- **WHAT YOU NEED TO DO**:
Any picture must be dropped, but each line of the data should be duplicated exactly.

- **DATASET EXTRACT**:

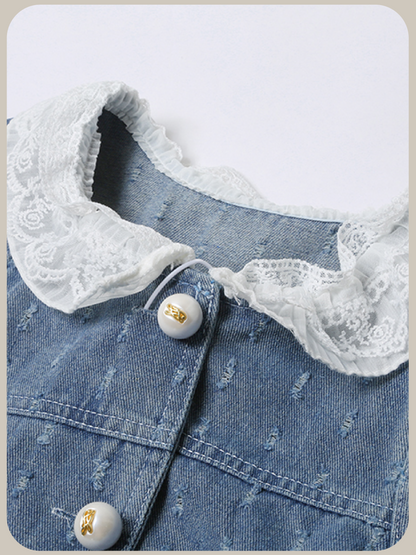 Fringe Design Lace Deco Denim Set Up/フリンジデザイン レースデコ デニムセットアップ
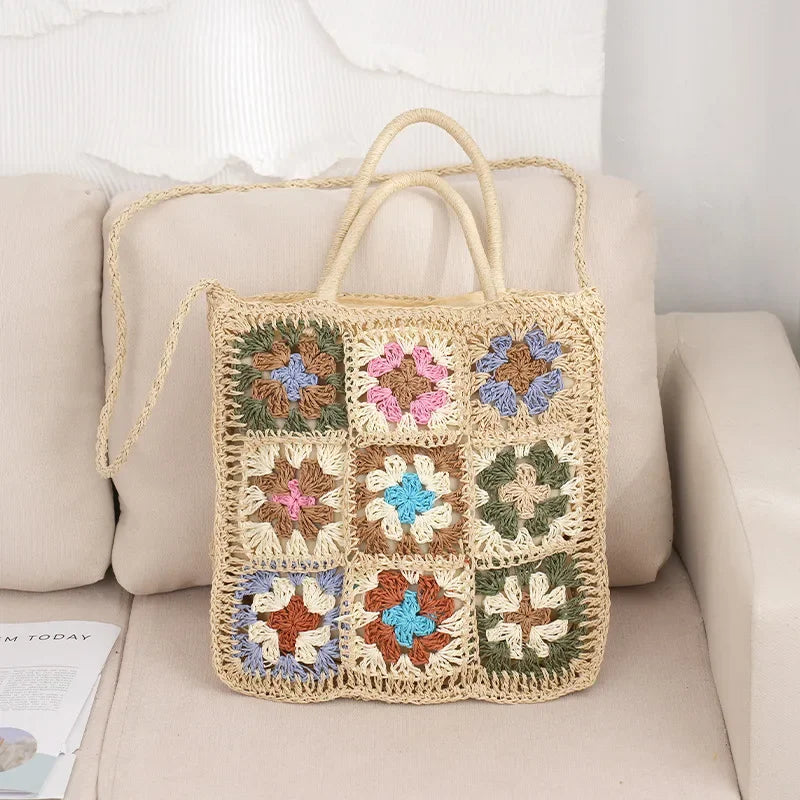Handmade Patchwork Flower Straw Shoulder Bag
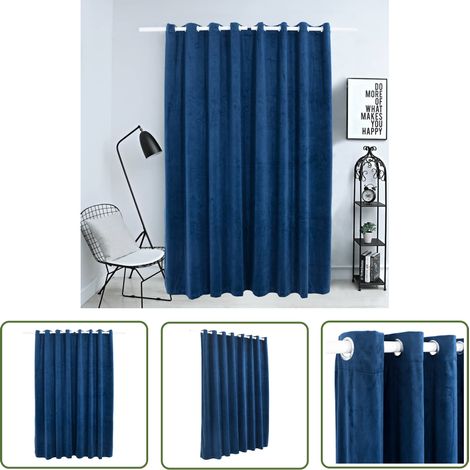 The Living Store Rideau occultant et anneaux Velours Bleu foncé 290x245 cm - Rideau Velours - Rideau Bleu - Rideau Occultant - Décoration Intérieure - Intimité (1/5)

- **EXERCISE OUTPUT**:
 Fringe Design Lace Deco Denim Set Up/フリンジデザイン レースデコ デニムセットアップ
Handmade Patchwork Flower Straw Shoulder Bag
 The Living Store Rideau occultant et anneaux Velours Bleu foncé 290x245 cm - Rideau Velours - Rideau Bleu - Rideau Occultant - Décoration Intérieure - Intimité (1/5)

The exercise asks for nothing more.